Advancements went on with the possibility to conduct analyses on heavy-flavored hadrons via VFNS FFs at NLO (v0.4.4 [221]). The (DYnamis) work package, dedicated to the forward Drell–Yan dilepton reaction [250], became part of JETHAD in v0.4.5. The integration with the Leptonic-Exclusive-Amplitudes (LExA) modular code allowed JETHAD to explore the proton content at low-x through small-x TMD densities in v0.4.6 [239].

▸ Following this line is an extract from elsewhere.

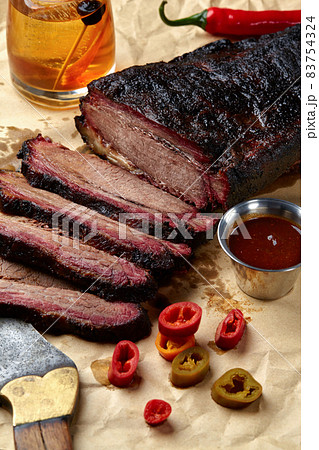 Fresh Brisket BBQ beef sliced for serving against a kraft paper background with sauce, hot peppers and corn. 83754324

Version v0.4.7 [95] introduced quarkonium-sensitive reactions from NRQCD leading-twist fragmentation. The latest features in v0.5.0 [91] and v0.5.1 [229] encompass an enhanced system for MHOU-related studies, an expanded list of observables with a focus on singly and doubly differential transverse-momentum production rates [192,215,229], and support for matching procedures with collinear factorization [277,278,279,280,282].

From the fundamental core to service modules and routines, JETHAD has been designed to dynamically achieve high levels of computational performance. The multidimensional integrators within JETHAD leverage extensive parallel computing to actively choose the most suitable integration algorithm based on the shape of the integrand.

Any reaction analyzable with JETHAD can be dynamically selected through an intuitive, structure-based smart-management interface. Physical final-state particles are represented by object prototypes within this interface, where particle objects encapsulate all pertinent information about their physical counterparts, ranging from mass and charge to kinematic ranges and rapidity tags. These particle objects are initially loaded from a master database using a dedicated particle generation routine, and custom particle generation is also supported. Then, these objects are cloned into a final-state vector and injected from the integrand routine into the corresponding, process-specific module by a dedicated controller.

The flexibility in generating the physical final states is accompanied by a range of options for selecting the initial state. A unique particle-ascendancy structure attribute enables JETHAD to rapidly learn whether a object is hadroproduced, electroproduced, photoproduced, etc. This dynamic feature ensures that only relevant modules are initialized, optimizing computing-time efficiency.

JETHAD is structured as an object-based interface that is entirely independent of the specific reaction under investigation. While originally inspired by high-energy QCD and TMD factorization phenomenology, the code’s design allows for easy encoding of different approaches by simply implementing novel, dedicated (super)modules. These can be straightforwardly linked to the core structure of the code by means of a natively equipped point-to-routine system, making JETHAD a versatile, particle-physics oriented environment.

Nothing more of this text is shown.